I remember the time when I dipped my toe into the theory of structures, one of the first lectures in my university was about the concept of statically determinant structures. I got the concept back then, but have never ever used it in real work. Textbooks define ‘statically determinate structures’ to be those that can be solved by equilibrium equations. I do not want to repeat what is already written in the textbook. For a practical engineer, I like to simplify things and find practical uses for the theories. In this blog post, I would like to share what I have collected about how this concept can be applied in practical work.
To me, a ‘statically determinate’ structure basically means that a structure has just enough supports to keep it stable, no more, no less. For example, a cantilever column or a beam on pin-roller support are both ‘statically determinate structures’. Give them one more support of any type, they become ‘statically indeterminate structures’. There is no discrimination for a structure either being determinate or indeterminate.
When a structure is statically determinant, it has the following practical meaning for a structure:
1. The relative movement between different supports do not affect the stresses within the structure. This would be particularly useful when the supports for the structure are to certain degree unstable. For example, foundation supports to a frame structure may have (differential) settlement; or concrete beam supports to an escalator truss may experience long-term deflection.

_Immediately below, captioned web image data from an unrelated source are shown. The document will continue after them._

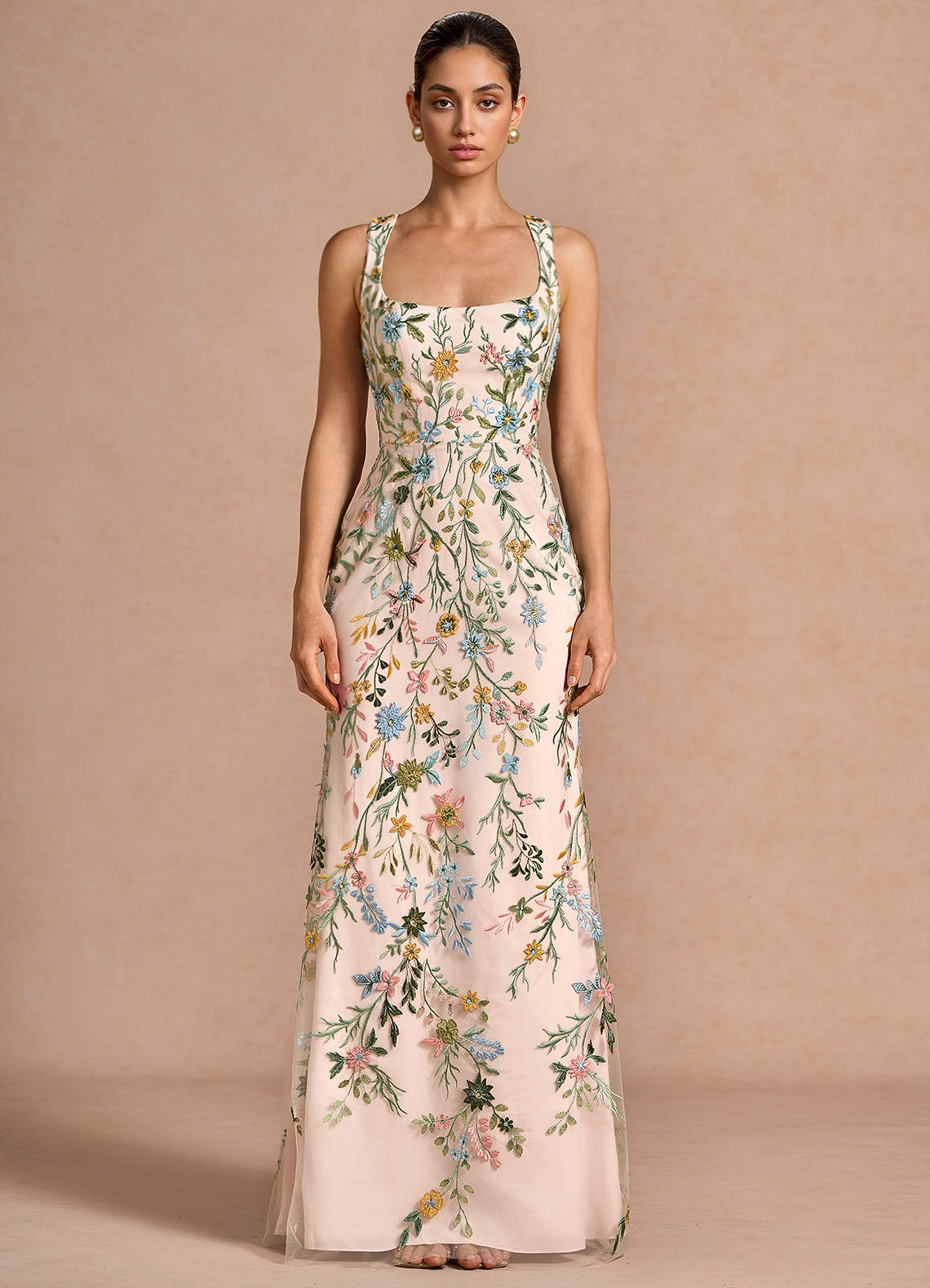 Agustina Blush Pink Multi Maxi Dress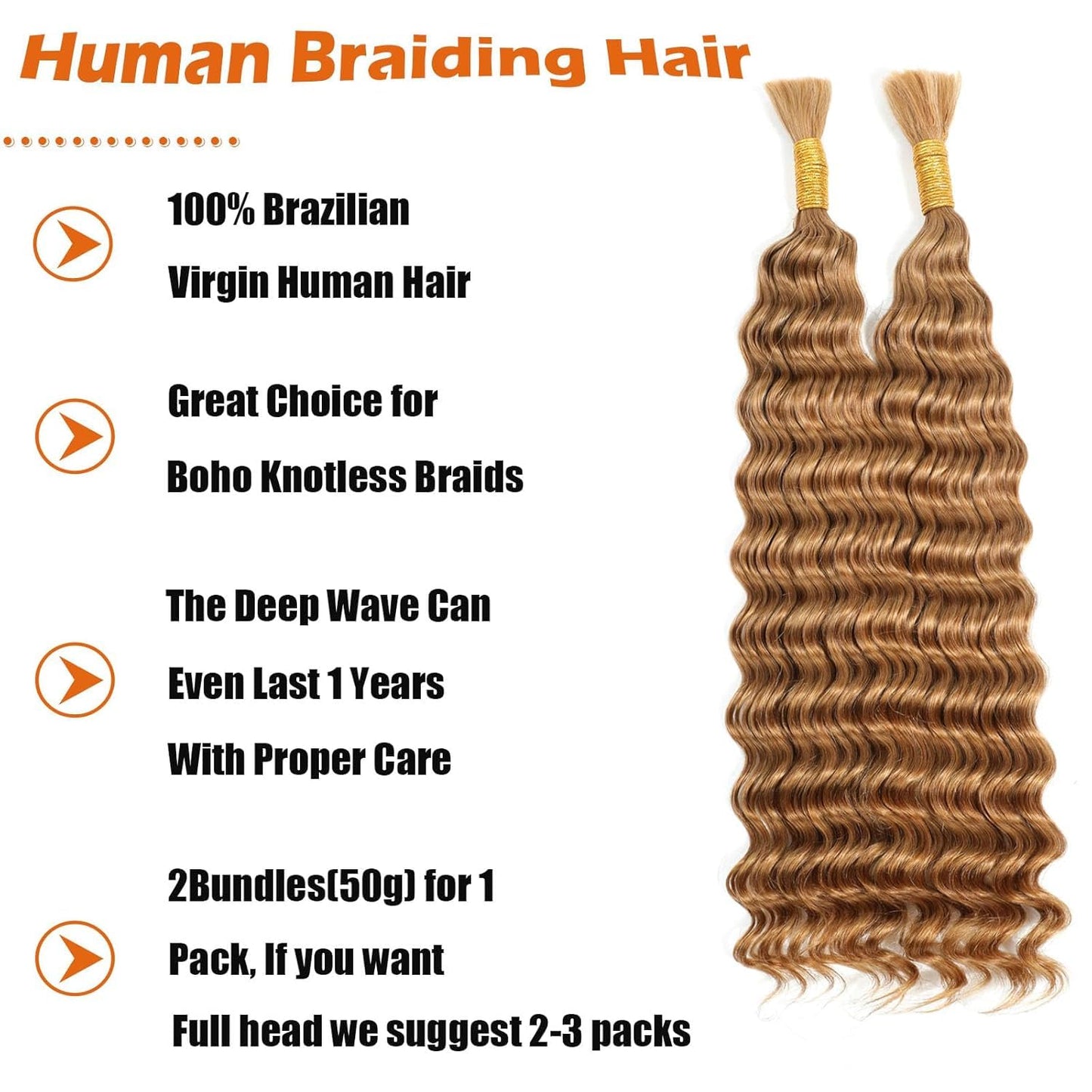 32 32 32 Inch Honey Blonde Human Braiding Hair for Boho Braids Blonde Boho Hair For Braiding Deep Wave Knotless Bulk Bohemian Color #27 Braids 150g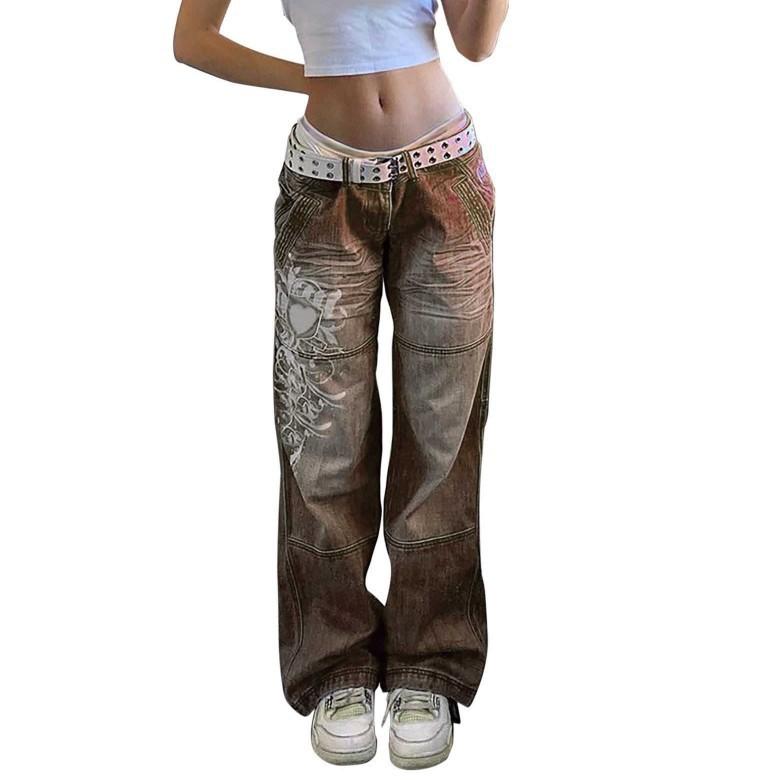 HS6382 Street Style Women's Clothing Irregular Printing Loose Trousers Low Waist Folds Washed for Old Multi-colored Jeans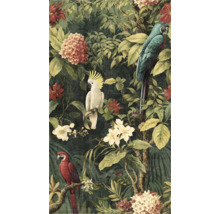 Behang met een tropisch oerwoudmotief met exotische vogels zoals ara's en een kaketoe, omringd door weelderig gebladerte en verschillende bloemen.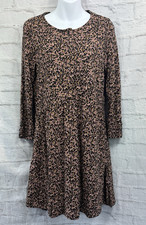 Fat Face Jersey Shift Dress Size 12 Black & Pink Floral Knee Length Cotton Modal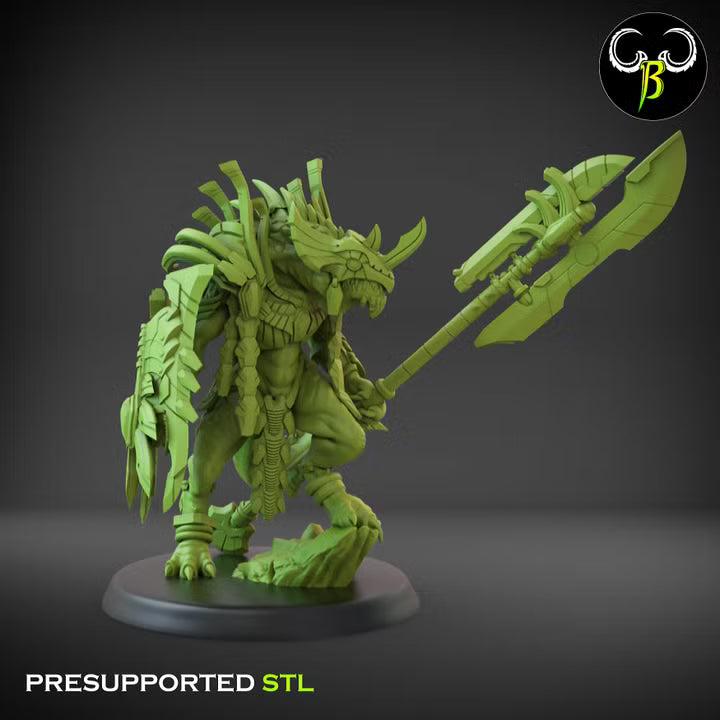 Stellar Guard Prime - ClayBeastCreation, Starscales lizardmen miniature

2. The support reactions are unaffected by the material or geometric properties of the structure. In other words, the deformation of the structure subject to loadings does not affect the support reactions. For a statically indeterminate continuous beam, how much reaction force is distributed to each support depends on the relative stiffness of each part of the structure. Here, section properties of the structure becomes important in understanding the stress distribution.
3. The structure provides no restraints to ‘self-straining’ load effects such as thermal expansion/contraction, or shrinkage of concrete. In other words, ‘self-straining’ load effects do not result in additional stresses in the structure. By the way, I plan to make ‘self-straining’ load effects another blog post topic.

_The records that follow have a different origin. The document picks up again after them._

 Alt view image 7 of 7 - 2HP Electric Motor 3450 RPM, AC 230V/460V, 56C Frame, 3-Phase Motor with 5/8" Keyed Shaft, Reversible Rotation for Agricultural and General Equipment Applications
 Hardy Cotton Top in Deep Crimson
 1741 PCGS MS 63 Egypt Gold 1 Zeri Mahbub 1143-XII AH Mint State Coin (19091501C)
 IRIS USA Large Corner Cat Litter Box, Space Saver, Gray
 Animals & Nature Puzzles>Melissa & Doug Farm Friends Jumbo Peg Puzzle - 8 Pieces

Generally speaking, to satisfy a given set of specific requirements for strength and deflection limit, statically indeterminate structures are more economic designs as they have more supports than the absolute minimum to remain stable, resulting in less stress and deflection. Moreover, statically indeterminate structures are more robust against accidental or disastrous events, such as collision impact or seismic events, as they have built in redundancies within the system. If an accident or disaster take out part of the structure, statically indeterminate structures have better chance of survival, as the rest of the intact structures may have enough support to keep itself stand up.
From my limited experience, the majority of frame building structures are statically indeterminate structures, because they have the luxury of having more supports to make the design more economic, since it is relatively easy to put in more columns (although always against the architect’s will). The majority of bridge structures are statically determinate structures as the locations for piers can normally only be had at specific given locations, and thermal movement over a long span tends to induce an enormous amount of stress if restraint from moving freely.